Program received signal SIGFPE, Arithmetic exception.
[Switching to Thread 0x7fffec433700 (LWP 1893)]
0x00000000007db6d5 in TC_LOG_MMAP::unlog (this=0x1927760 <tc_log_mmap>, cookie=8192, xid=7) at /home/laurynas/percona/src/mysql-server/sql/log.cc:2213
2213	  PAGE *p= pages + (cookie / tc_log_page_size);
(gdb) print tc_log_page_size
$1 = 0
[8 Nov 2013 14:57] Sinisa Milivojevic
One more question only ...

I suppose that main.foo is the name of the MTR script that should be run by MTR script ???
[8 Nov 2013 15:12] Laurynas Biveinis
Sinisa -

Yes. I put the SQL from step 2) in mysql-test/t/foo.test and run it through MTR.
[6 Dec 2013 17:41] Sinisa Milivojevic
After couple of weeks, I managed to verify this bug. Had problems with interim 5.7 versions, most of all some `cmake` bugs. Small bugs ..... :o)

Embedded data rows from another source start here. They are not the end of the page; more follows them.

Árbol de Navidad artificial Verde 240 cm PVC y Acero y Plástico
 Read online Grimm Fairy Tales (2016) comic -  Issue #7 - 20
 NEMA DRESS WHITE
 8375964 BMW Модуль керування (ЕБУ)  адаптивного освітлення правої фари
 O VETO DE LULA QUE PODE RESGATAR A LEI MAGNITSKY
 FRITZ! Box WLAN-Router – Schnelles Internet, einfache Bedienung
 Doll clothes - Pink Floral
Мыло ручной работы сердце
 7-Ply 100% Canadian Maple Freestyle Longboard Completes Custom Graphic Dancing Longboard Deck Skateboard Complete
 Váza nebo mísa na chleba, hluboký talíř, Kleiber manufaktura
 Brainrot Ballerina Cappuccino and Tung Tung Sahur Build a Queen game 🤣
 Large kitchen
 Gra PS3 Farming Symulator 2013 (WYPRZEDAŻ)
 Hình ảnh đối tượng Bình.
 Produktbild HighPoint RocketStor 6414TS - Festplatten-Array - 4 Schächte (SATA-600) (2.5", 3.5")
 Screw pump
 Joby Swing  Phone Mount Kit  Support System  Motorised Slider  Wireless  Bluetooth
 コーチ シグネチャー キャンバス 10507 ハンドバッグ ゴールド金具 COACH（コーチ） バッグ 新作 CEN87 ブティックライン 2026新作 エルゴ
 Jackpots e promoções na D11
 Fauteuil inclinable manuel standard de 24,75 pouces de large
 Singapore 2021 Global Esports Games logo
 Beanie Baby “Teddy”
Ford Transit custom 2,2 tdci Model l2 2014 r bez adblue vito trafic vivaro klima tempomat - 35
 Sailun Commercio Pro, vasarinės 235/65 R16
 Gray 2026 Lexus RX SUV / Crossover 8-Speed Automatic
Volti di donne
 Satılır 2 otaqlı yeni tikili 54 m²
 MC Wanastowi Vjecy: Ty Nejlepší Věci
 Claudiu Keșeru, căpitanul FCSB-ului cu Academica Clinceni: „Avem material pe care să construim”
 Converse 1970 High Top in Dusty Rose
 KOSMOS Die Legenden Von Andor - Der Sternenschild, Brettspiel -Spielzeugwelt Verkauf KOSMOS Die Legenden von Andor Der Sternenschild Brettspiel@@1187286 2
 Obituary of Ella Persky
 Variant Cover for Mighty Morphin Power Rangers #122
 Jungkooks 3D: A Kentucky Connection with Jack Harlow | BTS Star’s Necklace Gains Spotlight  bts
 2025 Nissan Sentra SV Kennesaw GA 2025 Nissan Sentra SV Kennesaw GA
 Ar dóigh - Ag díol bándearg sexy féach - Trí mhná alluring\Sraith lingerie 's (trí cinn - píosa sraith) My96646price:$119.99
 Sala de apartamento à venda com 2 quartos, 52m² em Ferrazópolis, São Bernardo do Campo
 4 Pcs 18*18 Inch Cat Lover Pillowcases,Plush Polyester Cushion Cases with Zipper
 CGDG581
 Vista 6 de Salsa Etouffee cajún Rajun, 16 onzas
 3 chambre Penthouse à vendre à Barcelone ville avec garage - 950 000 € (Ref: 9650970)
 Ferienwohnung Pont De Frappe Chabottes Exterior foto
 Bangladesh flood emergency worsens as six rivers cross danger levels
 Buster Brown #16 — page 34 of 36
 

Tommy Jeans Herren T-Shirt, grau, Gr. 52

But, now it is fully verified.
[7 Feb 2014 2:01] Paul Dubois
Noted in 5.7.4 changelog.

FLUSH STATUS cleared a variable that could result a subsequent
implicit commit of an XA transaction causing a server exit.
[3 Apr 2014 15:15] Laurynas Biveinis
5.7$ bzr log -r 7195
------------------------------------------------------------
revno: 7195
committer: Dmitry Shulga <Dmitry.Shulga@oracle.com>
branch nick: mysql-trunk-bug17911445
timestamp: Tue 2013-12-31 16:23:39 +0700
message:
  This patch fixes the bug#17911445 - TC_LOG_PAGE_SIZE SHOULD BE UNFLUSHABLE OR
  SERVER CRASHES IF 2 XA SES INSTALLED.
  
  The status variable tc_log_page_size is directly bound to tc_log_page_size 
  source variable, which is setup once in TC_LOG_MMAP::open().
  Running of statement FLUSH STATUS would cause it to be reset to zero.
  Then during doing implicit commit the TC_LOG_MMAP::unlog() would
  attempt to divide by it that led to crash.
  
  To fix this bug a type of status variable tc_log_page_size was changed to 
  SHOW_LONG_NOFLUSH that denies reset of status variable value to zero.
  
  MTR test isn't added since there isn't currently any other engine with 
  XA feature enabled aside from INNODB. I tested my patch using the fake 
  second engine with XA feature enabled that I created from ha_example.cc.
  I think it won't be correct to modify ha_example.cc just for the sake of patch 
  test coverage.
[3 Apr 2014 15:15] Laurynas Biveinis
5.7$ bzr log -r 7195
------------------------------------------------------------
revno: 7195
committer: Dmitry Shulga <Dmitry.Shulga@oracle.com>
branch nick: mysql-trunk-bug17911445
timestamp: Tue 2013-12-31 16:23:39 +0700
message:
  This patch fixes the bug#17911445 - TC_LOG_PAGE_SIZE SHOULD BE UNFLUSHABLE OR
  SERVER CRASHES IF 2 XA SES INSTALLED.
  
  The status variable tc_log_page_size is directly bound to tc_log_page_size 
  source variable, which is setup once in TC_LOG_MMAP::open().
  Running of statement FLUSH STATUS would cause it to be reset to zero.
  Then during doing implicit commit the TC_LOG_MMAP::unlog() would
  attempt to divide by it that led to crash.
  
  To fix this bug a type of status variable tc_log_page_size was changed to 
  SHOW_LONG_NOFLUSH that denies reset of status variable value to zero.
  
  MTR test isn't added since there isn't currently any other engine with 
  XA feature enabled aside from INNODB. I tested my patch using the fake 
  second engine with XA feature enabled that I created from ha_example.cc.
  I think it won't be correct to modify ha_example.cc just for the sake of patch 
  test coverage.